● **Your assignment**: Please copy each line of the records below that includes the word "Plus".

──────────

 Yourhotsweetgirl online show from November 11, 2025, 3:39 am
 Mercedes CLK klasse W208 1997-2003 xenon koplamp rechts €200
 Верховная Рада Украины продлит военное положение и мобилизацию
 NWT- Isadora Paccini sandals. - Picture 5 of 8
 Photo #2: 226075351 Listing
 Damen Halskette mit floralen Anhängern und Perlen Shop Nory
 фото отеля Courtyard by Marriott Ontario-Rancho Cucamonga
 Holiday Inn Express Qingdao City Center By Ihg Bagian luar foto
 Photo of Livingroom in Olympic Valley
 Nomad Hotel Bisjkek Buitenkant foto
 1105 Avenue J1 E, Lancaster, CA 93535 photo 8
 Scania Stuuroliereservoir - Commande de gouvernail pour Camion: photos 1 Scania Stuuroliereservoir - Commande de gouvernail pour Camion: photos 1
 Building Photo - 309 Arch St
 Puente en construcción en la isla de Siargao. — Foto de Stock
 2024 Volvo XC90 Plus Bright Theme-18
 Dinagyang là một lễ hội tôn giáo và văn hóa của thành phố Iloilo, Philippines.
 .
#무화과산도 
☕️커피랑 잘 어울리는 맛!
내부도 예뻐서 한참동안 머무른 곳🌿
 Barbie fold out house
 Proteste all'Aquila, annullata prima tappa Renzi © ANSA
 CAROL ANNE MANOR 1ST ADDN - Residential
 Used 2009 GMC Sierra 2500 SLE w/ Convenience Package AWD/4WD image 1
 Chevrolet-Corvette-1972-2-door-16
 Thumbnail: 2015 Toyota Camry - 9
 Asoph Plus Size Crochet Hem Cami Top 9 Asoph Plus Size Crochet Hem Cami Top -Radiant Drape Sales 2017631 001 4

──────────

● **Solution to the exercise**:
 2024 Volvo XC90 Plus Bright Theme-18
 Asoph Plus Size Crochet Hem Cami Top 9 Asoph Plus Size Crochet Hem Cami Top -Radiant Drape Sales 2017631 001 4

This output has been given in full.